Restate word for word the lines of the data below, from the first through the one that has "DW-Web-PickleKeychain-Measurements.webp".

**Given records:**
⟨

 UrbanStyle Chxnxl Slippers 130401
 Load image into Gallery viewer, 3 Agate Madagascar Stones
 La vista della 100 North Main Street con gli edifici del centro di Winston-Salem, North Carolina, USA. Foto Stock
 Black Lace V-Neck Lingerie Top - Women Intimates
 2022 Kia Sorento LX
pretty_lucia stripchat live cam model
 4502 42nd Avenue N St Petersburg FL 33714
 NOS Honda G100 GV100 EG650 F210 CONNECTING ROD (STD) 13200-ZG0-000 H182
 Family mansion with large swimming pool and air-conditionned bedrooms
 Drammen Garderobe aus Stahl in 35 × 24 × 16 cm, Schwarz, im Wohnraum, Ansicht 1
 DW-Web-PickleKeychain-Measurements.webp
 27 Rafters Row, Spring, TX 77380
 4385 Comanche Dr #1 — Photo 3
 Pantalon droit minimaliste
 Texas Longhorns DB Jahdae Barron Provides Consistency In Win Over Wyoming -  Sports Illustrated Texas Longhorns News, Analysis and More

⟩

**Written reply:**
 UrbanStyle Chxnxl Slippers 130401
 Load image into Gallery viewer, 3 Agate Madagascar Stones
 La vista della 100 North Main Street con gli edifici del centro di Winston-Salem, North Carolina, USA. Foto Stock
 Black Lace V-Neck Lingerie Top - Women Intimates
 2022 Kia Sorento LX
pretty_lucia stripchat live cam model
 4502 42nd Avenue N St Petersburg FL 33714
 NOS Honda G100 GV100 EG650 F210 CONNECTING ROD (STD) 13200-ZG0-000 H182
 Family mansion with large swimming pool and air-conditionned bedrooms
 Drammen Garderobe aus Stahl in 35 × 24 × 16 cm, Schwarz, im Wohnraum, Ansicht 1
 DW-Web-PickleKeychain-Measurements.webp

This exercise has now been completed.